Characterization of cholyl-leu-val-phe-phe-ala-OH as an inhibitor of amyloid beta-peptide polymerization

Abstract

Cholyl-LVFFA-OH (1, PPI-368) is an organic-modified peptide based on the sequence of amyloid beta-peptide (Aβ). It is a potent and selective inhibitor of A β polymerization that blocks the formation of neurotoxic species of Aβ. In a nucleation-dependent polymerization assay of 50μM Aβ1-40 equimolar concentrations of PPI-368 block polymerization based on turbidity and electron microscopy.

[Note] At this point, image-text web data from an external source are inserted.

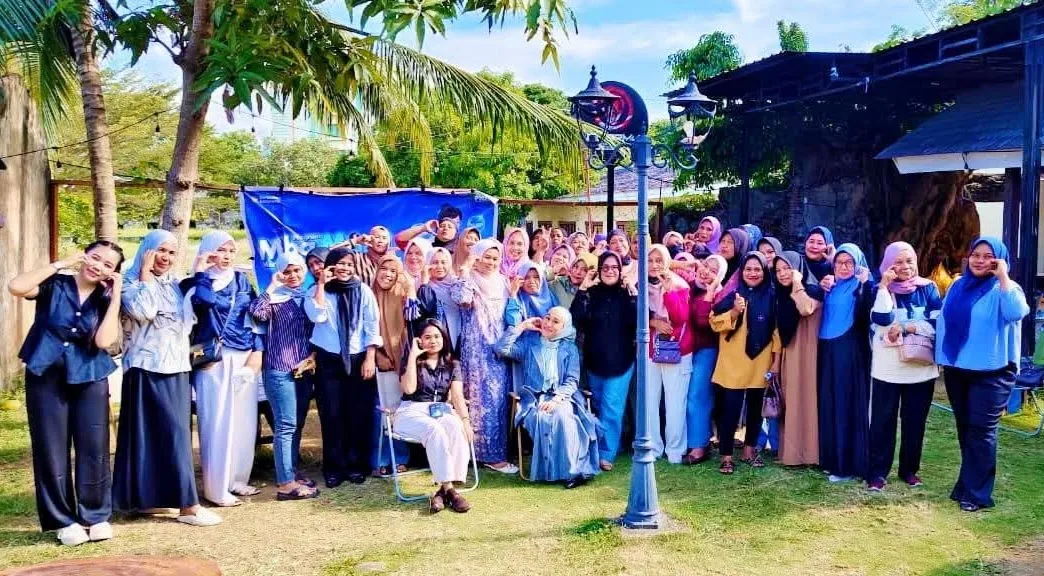 PNM Mekaar Ternate Gelar Literasi Keuangan untuk Ibu Pelaku UMKM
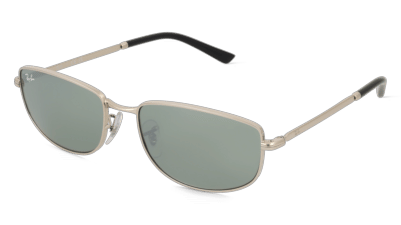 Ray-Ban 0RB3732 zwart Hoekaanzicht
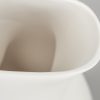 Best Flamant Lorena, Vase, Ceramique, Blanc, Modele 1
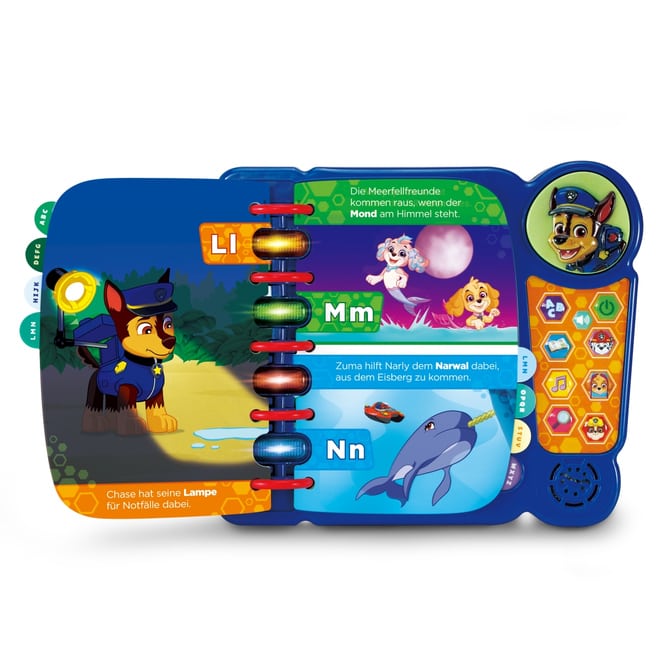 VTech - Paw Patrol - Abenteuerbuch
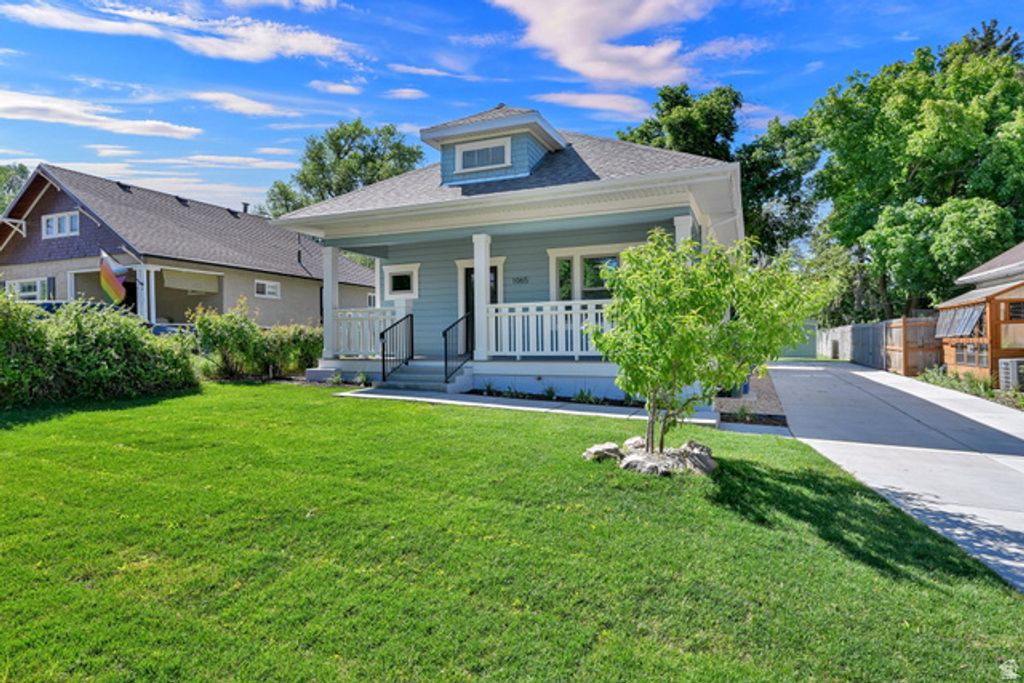 Image 4 of property listing at 1065 E 21 ST, Ogden, UT 84401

Monomeric Aβ1-40 and Aβ1-42 are non-toxic when incubated with neuronal cell lines, but become toxic during polymerization. PPI-368 coordinately delays the onset of polymerization and the formation of neurotoxic Aβ species for both peptides. In a polymerization extension assay seeded with pre-formed Aβ polymer, similar inhibition and dose-dependency phenomena are observed with PPI-368. Radiolabeled PPI-368 is incorporated into fibrils during polymerization demonstrating binding to Aβ peptide within a fibrillar structure. Gel-filtration studies show progressive disappearance of Aβ monomer and concomitant appearance of soluble higher molecular weight oligomers. In the presence of submolar concentrations of PPI-368, monomeric Aβ is still present and oligomers are not observed. PPI-368 does not inhibit the polymerization of other amyloidogenic proteins such as transthyretin (TTR) or islet amyloid polypeptide(IAPP20-29).